Both of those in turn came on the heels of this, which I read about 12 hours earlier:

In every economic crisis there comes a moment of clarity. In Europe soon, millions of people will wake up to realize that the euro-as-we-know-it is gone. Economic chaos awaits them…Europe’s crisis to date is a series of supposedly “decisive” turning points that each turned out to be just another step down a steep hill…Some European politicians are now telling us that an orderly exit for Greece is feasible under current conditions, and Greece will be the only nation that leaves. They are wrong. Greece’s exit is simply another step in a chain of events that leads towards a chaotic dissolution of the euro zone. During the next stage of the crisis, Europe’s electorate will be rudely awakened to the large financial risks which have been foisted upon them in failed attempts to keep the single currency alive…A disorderly break-up of the euro area will be far more damaging to global financial markets than the crisis of 2008. In fall 2008 the decision was whether or how governments should provide a back-stop to big banks and the creditors to those banks. Now some European governments face insolvency themselves…[T]here will be large scale capital flight out of Europe into the United States and Asia. Who can be confident that our global megabanks are truly ready to withstand the likely losses? It is almost certain that large numbers of pensioners and households will find their savings are wiped out directly or inflation erodes what they saved all their lives. The potential for political turmoil and human hardship is staggering…No one knows for sure how long they can delay the complete collapse of the euro, perhaps months or even several more years, but we are moving steadily to an ugly end…Forget about a rescue in the form of the G20, the G8, the G7, a new European Union Treasury, the issue of Eurobonds, a large scale debt mutualization scheme, or any other bedtime story. We are each on our own.

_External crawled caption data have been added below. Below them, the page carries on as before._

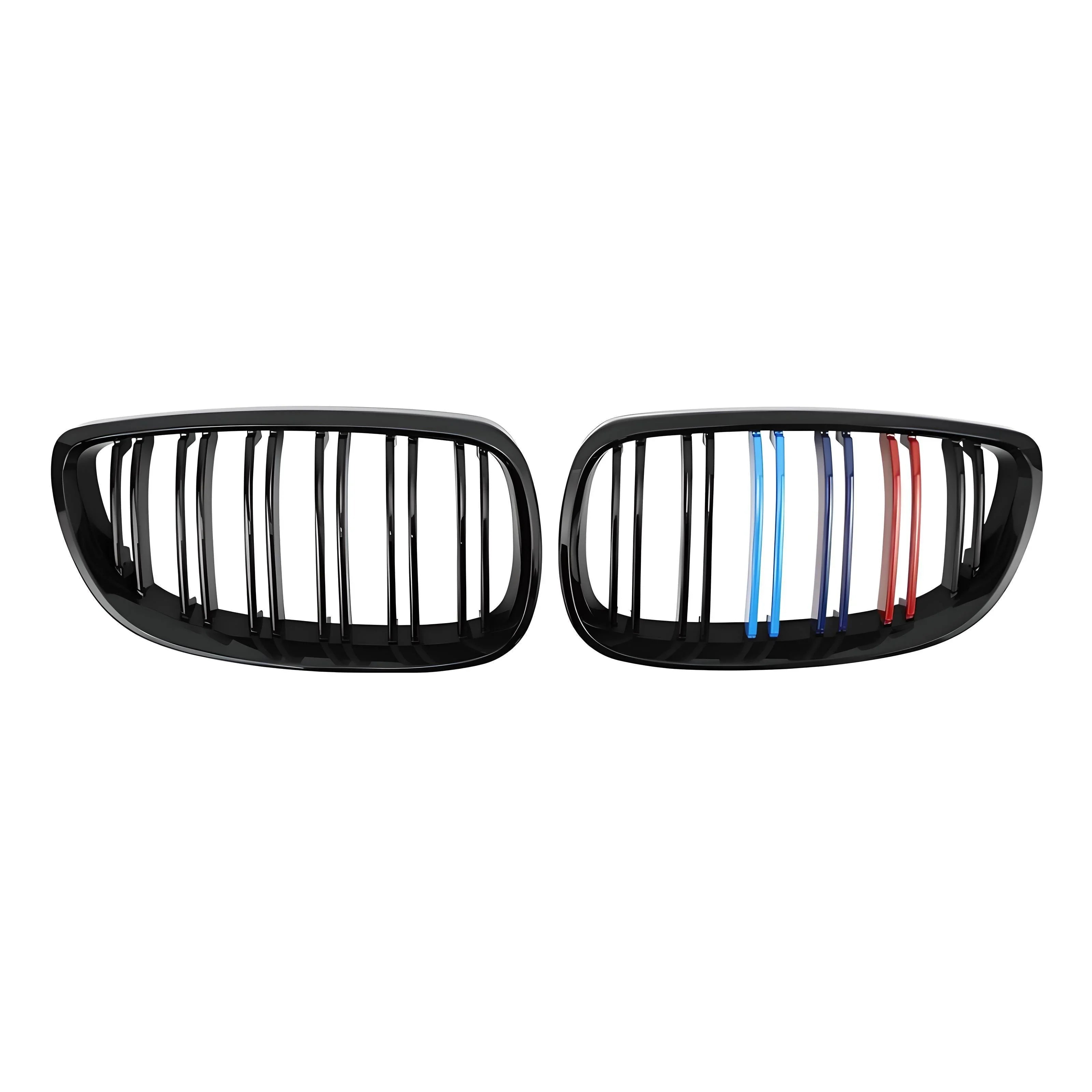 BMW M Style Kidney Grille – Gloss Black with M Stripes – Compatible with BMW 3 Series G20 G21 Front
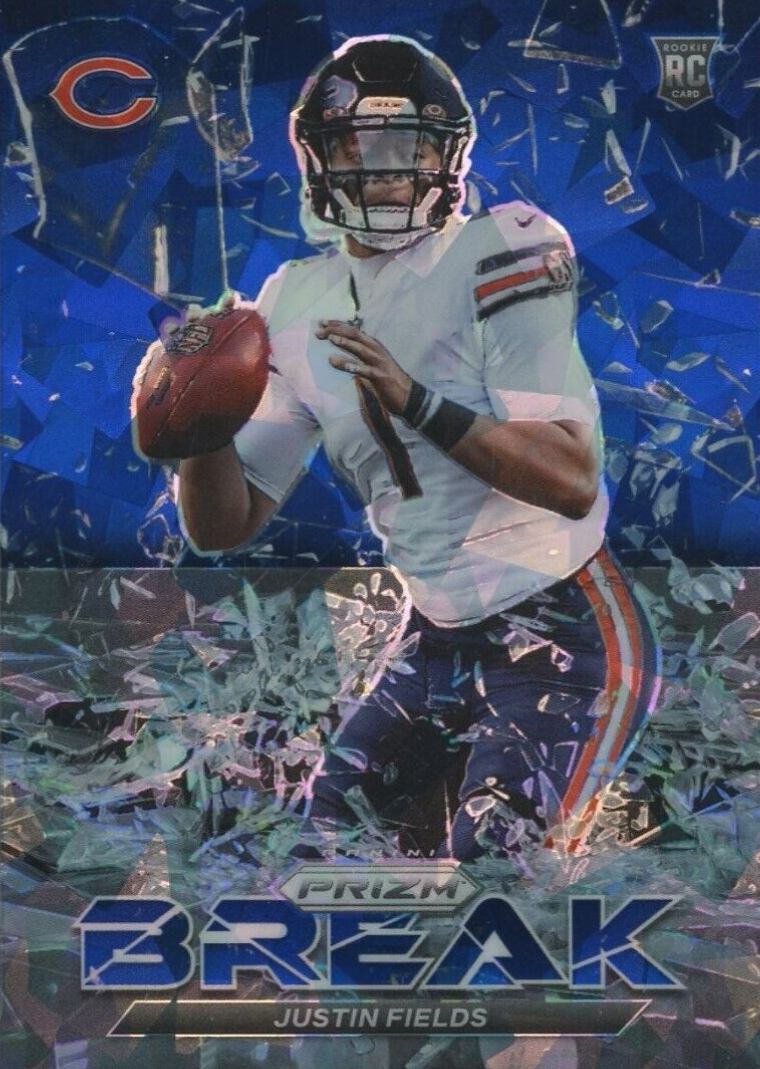 2021 Panini Prizm Prizm Break Justin Fields #PB8 Football Card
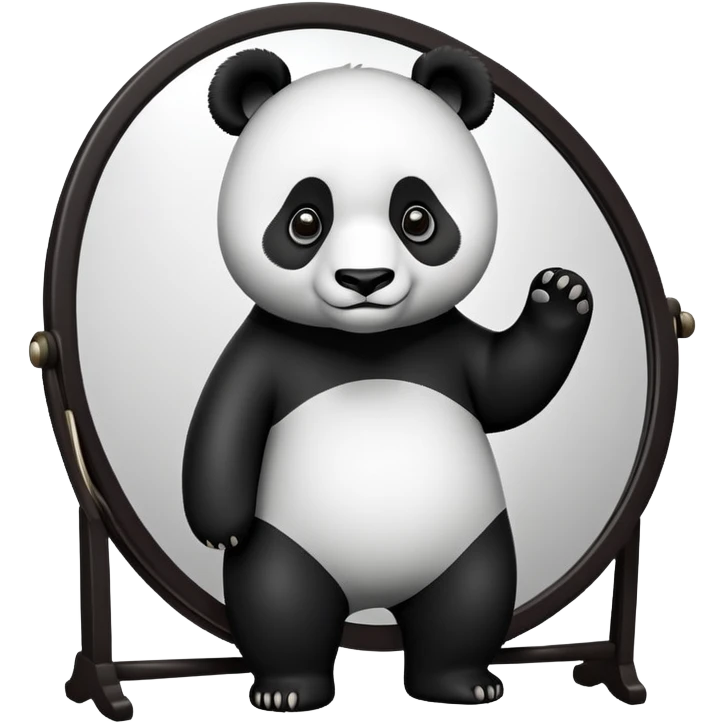 panda come a un erozo emoji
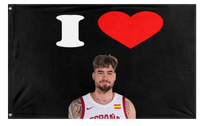 A mockup of the custom flag 'Juancho flag' on a white background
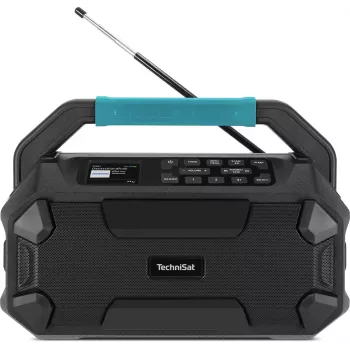 TechniSat VIOLA 231 OD Radio de obra DAB+ y FM con Bluetooth, resistente a salpicaduras IPX4, negro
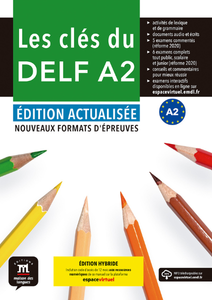 Les clés du DELF A2. Édition actualisée hybride. Livre de l'élève - 9788411573801 - front cover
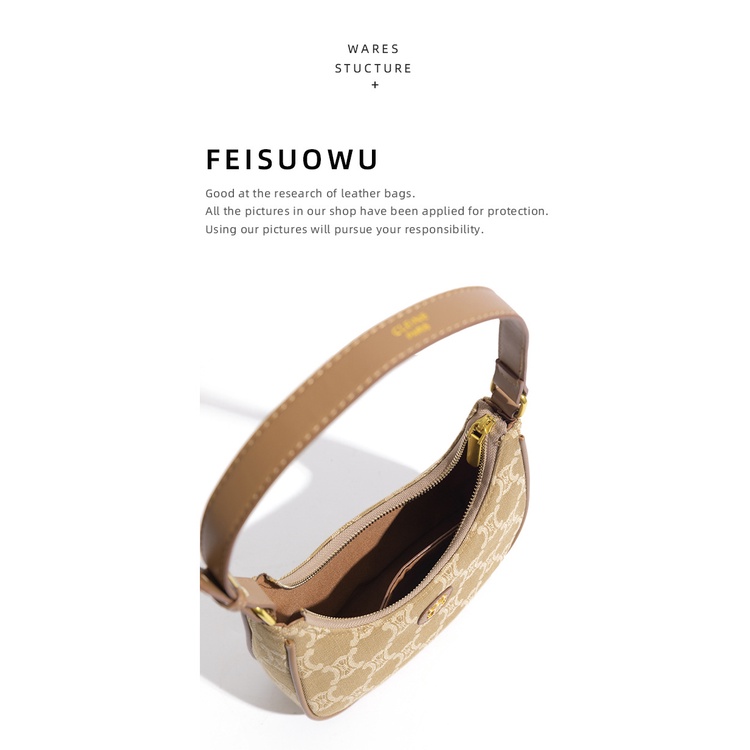 Túi Xách Kẹp Nách / Đeo Vai / Đeo Dưới Cánh Tay Hình Bán Nguyệt Thiết Kế Hàn Quốc Cho Nữ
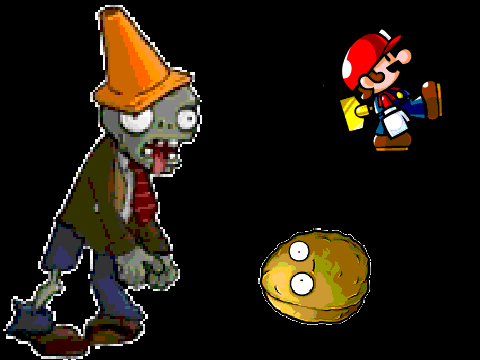 add ur self runnin from teh zombie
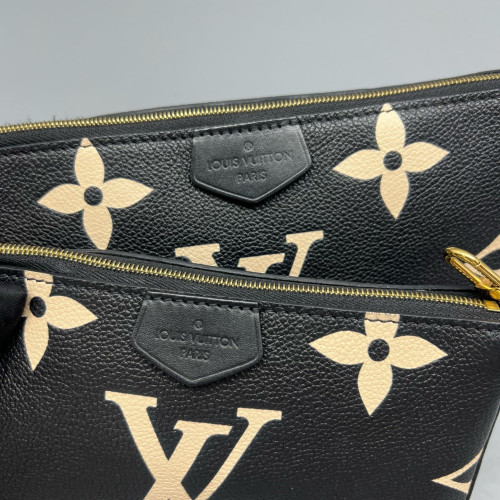 Louis Vuitton Multi Pochette Accessories Monogram Black
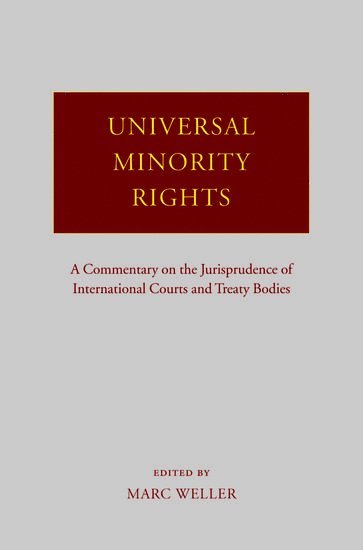bokomslag Universal Minority Rights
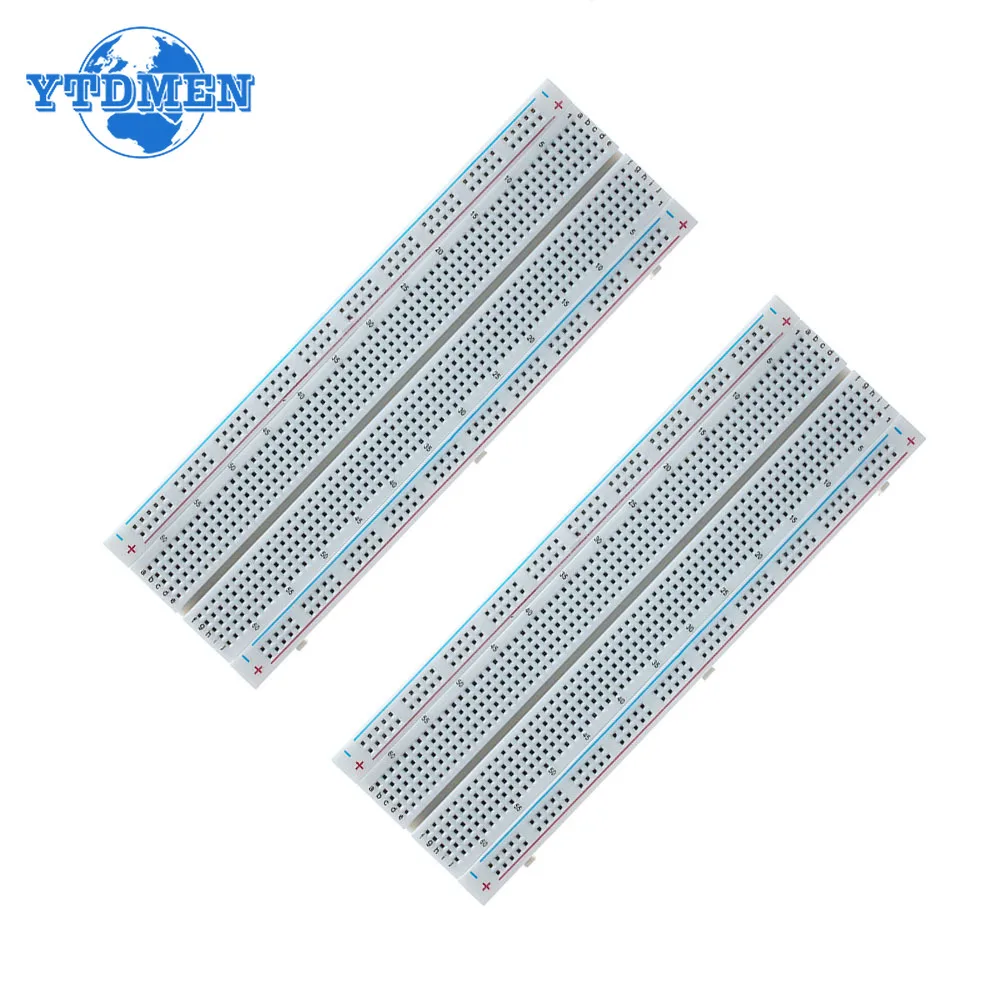 1PCS MB102 Breadboard 830 Holes Solderless PCB Board Test Experiment Board DIY Electronic, for Arduino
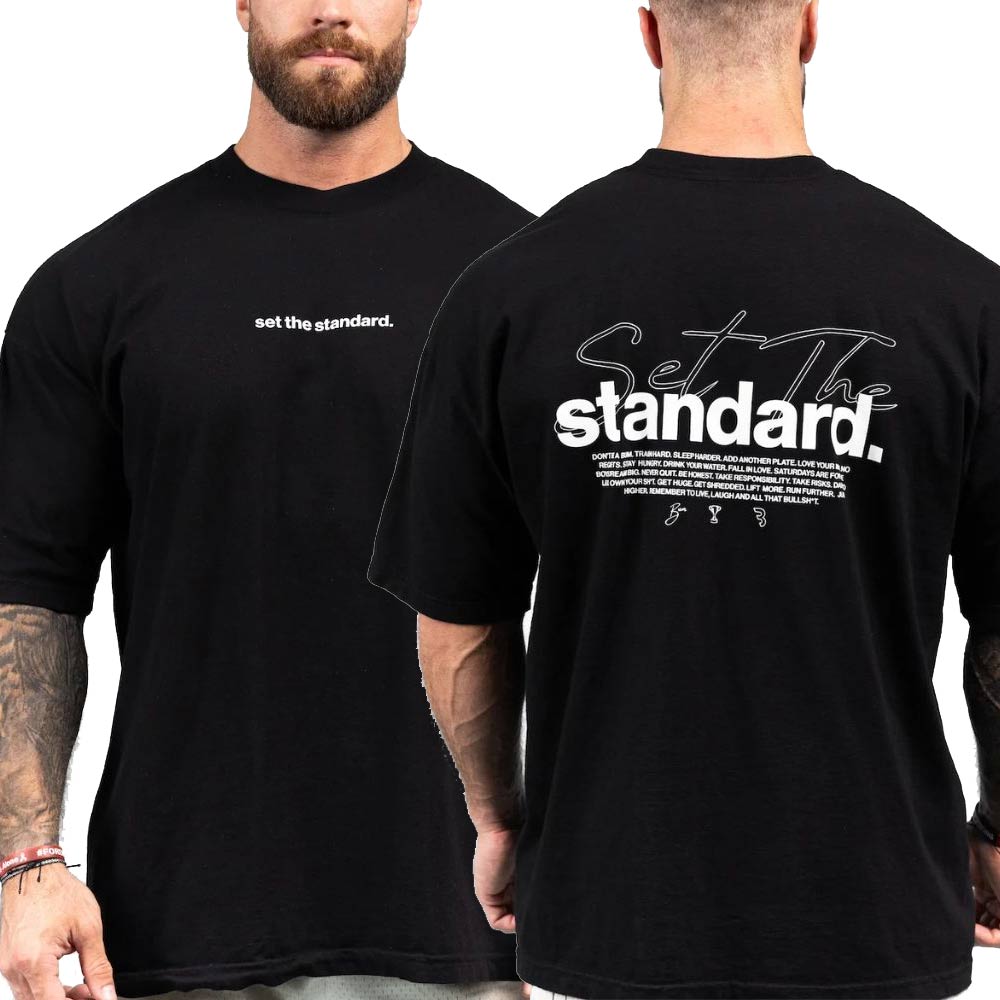 Chris Bumstead T-shirts – Set The Standard Special Ver Classic T-shirt 7 - Cbum Store Chris Bumstead T shirts – Set The Standard Special Ver Classic T shirt - Cbum Store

— Simon Johnson and Peter Boone, “The End of the Euro: A Survivor’s Guide,” The Huffington Post, May 27, 2012

One of the last items I came across in this morning’s scan was this:

On the eve of his return to Africa earlier this week, [renowned paleoanthropologist and evolutionary biologist Richard] Leakey spoke to The Associated Press in New York City about the past and the future. “If you look back, the thing that strikes you, if you’ve got any sensitivity, is that extinction is the most common phenomena,” Leakey says. “Extinction is always driven by environmental change. Environmental change is always driven by climate change. Man accelerated, if not created, planet change phenomena; I think we have to recognize that the future is by no means a very rosy one”…Leakey, who clearly cherishes investigating the past, is less optimistic about the future. “We may be on the cusp of some very real disasters that have nothing to do with whether the elephant survives, or a cheetah survives, but if we survive.”

— Frank Eltman, “Scientist: Evolution debate will soon be over,” MSNBC (Associated Press), May 26, 2012

And for a kind of whipped-topping finish, these all came on the heels of this very able and absorbing collective review of and response to Morris Berman‘s three-volume trilogy on American decline, which I read three days ago, and which distills Morris’ basic message and insights in quite effective fashion:

Idiot deans, rancid rappers, endlessly chattering sports commentators, an avalanche of half-inch-deep self-help manuals; a plague of gadgets, a deluge of stimuli, an epidemic of rudeness, a desert of mutual indifference: the upshot is our daily immersion in a suffocating stream of kitsch, blather, stress, and sentimental banality. [Morris] Berman colorfully and convincingly renders the relentless coarsening and dumbing down of everyday life in late (dare we hope?) American capitalism [in his three-volume exploration of American decline: The Twilight of American Culture (2000), Dark Ages America (2006), and Why America Failed (2011)]…In Spenglerian fashion, Berman seeks the source of our civilization’s decline in its innermost principle, its animating Geist. What he finds at the bottom of our culture’s soul is…hustling; or, to use its respectable academic sobriquet, possessive individualism. Expansion, accumulation, economic growth: this is the ground bass of American history, like the hum of a dynamo in the basement beneath the polite twitterings on the upper stories about “liberty” and “a light unto the nations.”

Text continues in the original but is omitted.